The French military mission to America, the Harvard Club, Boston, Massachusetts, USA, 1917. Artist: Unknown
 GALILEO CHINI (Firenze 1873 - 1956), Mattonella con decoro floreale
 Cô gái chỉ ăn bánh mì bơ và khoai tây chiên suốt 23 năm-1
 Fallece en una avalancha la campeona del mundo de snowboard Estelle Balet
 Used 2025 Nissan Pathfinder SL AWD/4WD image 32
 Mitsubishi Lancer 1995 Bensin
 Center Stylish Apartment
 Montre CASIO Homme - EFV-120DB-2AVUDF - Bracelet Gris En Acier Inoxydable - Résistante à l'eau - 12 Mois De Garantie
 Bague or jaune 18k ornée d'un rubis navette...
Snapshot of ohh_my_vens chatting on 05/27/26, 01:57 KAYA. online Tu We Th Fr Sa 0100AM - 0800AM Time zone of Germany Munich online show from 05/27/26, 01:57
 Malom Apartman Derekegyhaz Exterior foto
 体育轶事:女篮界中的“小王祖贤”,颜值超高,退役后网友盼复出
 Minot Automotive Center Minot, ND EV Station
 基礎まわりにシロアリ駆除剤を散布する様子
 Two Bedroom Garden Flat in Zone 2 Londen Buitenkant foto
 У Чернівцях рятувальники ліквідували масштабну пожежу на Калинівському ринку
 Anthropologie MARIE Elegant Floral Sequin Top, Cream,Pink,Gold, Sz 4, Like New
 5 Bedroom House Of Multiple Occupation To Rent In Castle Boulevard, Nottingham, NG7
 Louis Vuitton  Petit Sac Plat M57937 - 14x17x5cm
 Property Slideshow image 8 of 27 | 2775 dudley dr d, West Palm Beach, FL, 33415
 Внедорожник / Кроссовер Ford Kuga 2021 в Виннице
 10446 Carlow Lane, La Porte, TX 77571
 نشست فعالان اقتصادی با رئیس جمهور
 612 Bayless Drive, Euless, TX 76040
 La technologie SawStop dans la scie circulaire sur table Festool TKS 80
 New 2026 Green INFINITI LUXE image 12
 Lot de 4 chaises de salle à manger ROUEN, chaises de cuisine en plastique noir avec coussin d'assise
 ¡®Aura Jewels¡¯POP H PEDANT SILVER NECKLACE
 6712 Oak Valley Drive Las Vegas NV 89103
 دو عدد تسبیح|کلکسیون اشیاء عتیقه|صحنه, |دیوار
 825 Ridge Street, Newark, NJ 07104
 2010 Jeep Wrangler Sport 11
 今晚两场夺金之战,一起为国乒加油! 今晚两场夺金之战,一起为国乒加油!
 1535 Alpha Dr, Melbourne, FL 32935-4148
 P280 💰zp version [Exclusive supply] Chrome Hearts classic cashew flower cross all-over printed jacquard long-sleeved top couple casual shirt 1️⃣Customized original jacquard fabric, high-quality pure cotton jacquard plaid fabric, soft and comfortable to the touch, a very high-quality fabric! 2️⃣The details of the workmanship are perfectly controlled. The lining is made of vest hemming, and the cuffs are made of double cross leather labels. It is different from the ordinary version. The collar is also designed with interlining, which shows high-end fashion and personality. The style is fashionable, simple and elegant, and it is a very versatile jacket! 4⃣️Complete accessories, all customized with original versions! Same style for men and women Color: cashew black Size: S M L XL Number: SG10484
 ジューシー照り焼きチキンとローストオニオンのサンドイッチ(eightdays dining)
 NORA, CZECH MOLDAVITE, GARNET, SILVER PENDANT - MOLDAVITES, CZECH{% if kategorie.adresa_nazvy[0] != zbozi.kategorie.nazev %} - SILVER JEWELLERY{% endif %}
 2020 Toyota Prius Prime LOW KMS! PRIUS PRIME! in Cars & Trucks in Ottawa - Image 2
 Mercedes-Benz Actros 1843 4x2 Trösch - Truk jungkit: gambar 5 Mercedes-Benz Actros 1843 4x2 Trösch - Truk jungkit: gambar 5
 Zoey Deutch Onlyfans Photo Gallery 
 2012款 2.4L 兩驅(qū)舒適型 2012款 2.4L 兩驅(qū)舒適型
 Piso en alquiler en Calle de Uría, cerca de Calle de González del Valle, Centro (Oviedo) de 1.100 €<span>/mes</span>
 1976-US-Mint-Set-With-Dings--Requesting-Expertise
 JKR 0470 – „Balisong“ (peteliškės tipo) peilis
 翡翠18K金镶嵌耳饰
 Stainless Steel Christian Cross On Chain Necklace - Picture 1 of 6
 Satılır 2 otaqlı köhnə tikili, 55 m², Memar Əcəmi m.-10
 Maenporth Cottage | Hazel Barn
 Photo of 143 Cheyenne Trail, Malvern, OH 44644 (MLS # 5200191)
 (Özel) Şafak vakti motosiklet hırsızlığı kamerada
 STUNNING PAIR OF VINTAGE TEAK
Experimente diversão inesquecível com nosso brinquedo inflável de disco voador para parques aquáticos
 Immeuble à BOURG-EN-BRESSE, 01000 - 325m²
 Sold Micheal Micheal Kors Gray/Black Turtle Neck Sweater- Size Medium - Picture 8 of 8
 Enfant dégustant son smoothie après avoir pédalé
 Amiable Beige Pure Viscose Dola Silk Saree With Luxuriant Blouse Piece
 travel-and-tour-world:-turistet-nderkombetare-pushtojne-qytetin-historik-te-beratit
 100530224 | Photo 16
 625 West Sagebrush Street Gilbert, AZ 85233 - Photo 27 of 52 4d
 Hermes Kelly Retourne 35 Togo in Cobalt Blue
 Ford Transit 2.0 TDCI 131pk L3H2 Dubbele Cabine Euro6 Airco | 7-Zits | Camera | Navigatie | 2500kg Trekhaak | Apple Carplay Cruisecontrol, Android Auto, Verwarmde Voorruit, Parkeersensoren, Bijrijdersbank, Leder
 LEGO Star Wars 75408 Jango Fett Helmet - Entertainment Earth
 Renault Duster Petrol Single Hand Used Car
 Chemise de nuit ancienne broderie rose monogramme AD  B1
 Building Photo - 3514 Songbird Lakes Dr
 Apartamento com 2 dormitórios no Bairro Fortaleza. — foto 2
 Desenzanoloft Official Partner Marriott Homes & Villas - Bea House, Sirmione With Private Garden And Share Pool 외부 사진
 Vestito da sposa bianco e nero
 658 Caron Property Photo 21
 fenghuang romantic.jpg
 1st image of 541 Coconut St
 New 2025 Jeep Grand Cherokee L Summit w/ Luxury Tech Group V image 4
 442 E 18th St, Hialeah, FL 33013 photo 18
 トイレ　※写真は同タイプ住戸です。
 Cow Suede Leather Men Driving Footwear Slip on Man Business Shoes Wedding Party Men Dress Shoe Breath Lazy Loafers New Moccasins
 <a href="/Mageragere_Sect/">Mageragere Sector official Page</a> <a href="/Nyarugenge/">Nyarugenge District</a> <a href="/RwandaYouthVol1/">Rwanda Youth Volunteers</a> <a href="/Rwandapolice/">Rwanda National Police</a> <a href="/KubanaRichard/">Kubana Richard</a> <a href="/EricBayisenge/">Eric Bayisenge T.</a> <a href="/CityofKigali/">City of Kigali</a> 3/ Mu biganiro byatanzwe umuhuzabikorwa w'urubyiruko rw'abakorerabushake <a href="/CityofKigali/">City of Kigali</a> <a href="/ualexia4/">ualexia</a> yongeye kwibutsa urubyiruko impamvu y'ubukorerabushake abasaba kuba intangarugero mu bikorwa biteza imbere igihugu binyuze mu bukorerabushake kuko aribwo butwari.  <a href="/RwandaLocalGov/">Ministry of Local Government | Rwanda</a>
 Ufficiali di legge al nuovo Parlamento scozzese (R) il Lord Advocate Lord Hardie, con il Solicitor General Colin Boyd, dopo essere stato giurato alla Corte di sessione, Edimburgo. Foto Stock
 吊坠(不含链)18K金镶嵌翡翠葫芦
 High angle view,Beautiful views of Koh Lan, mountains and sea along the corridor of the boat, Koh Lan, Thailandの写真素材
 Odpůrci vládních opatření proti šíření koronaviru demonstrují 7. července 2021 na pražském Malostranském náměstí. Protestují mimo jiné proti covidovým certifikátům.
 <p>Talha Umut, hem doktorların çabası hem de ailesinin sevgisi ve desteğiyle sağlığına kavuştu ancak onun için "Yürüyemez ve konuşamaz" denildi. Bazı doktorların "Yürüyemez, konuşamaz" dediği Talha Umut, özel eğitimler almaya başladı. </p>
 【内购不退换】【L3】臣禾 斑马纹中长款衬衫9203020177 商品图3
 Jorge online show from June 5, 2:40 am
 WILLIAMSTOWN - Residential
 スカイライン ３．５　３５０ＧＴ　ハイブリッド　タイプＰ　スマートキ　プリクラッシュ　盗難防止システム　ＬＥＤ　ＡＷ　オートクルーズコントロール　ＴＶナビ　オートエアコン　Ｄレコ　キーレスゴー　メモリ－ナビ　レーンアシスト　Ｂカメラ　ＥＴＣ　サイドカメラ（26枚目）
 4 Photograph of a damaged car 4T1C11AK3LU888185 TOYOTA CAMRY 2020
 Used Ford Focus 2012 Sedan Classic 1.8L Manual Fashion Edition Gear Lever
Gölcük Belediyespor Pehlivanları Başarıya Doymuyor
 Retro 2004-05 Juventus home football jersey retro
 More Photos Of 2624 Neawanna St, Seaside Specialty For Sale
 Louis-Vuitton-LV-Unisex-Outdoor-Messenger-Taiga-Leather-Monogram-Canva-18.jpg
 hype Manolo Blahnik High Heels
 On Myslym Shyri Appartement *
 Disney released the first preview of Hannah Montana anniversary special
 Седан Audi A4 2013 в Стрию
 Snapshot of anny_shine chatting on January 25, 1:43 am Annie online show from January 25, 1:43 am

• • • •

(TASK REQUIREMENTS) Word for word, restate the lines above from the line containing "P280 💰zp version" through the line containing "ジューシー照り焼きチキンとロ", with both included and nothing else.

(RESPONSE TO THIS EXERCISE)
 P280 💰zp version [Exclusive supply] Chrome Hearts classic cashew flower cross all-over printed jacquard long-sleeved top couple casual shirt 1️⃣Customized original jacquard fabric, high-quality pure cotton jacquard plaid fabric, soft and comfortable to the touch, a very high-quality fabric! 2️⃣The details of the workmanship are perfectly controlled. The lining is made of vest hemming, and the cuffs are made of double cross leather labels. It is different from the ordinary version. The collar is also designed with interlining, which shows high-end fashion and personality. The style is fashionable, simple and elegant, and it is a very versatile jacket! 4⃣️Complete accessories, all customized with original versions! Same style for men and women Color: cashew black Size: S M L XL Number: SG10484
 ジューシー照り焼きチキンとローストオニオンのサンドイッチ(eightdays dining)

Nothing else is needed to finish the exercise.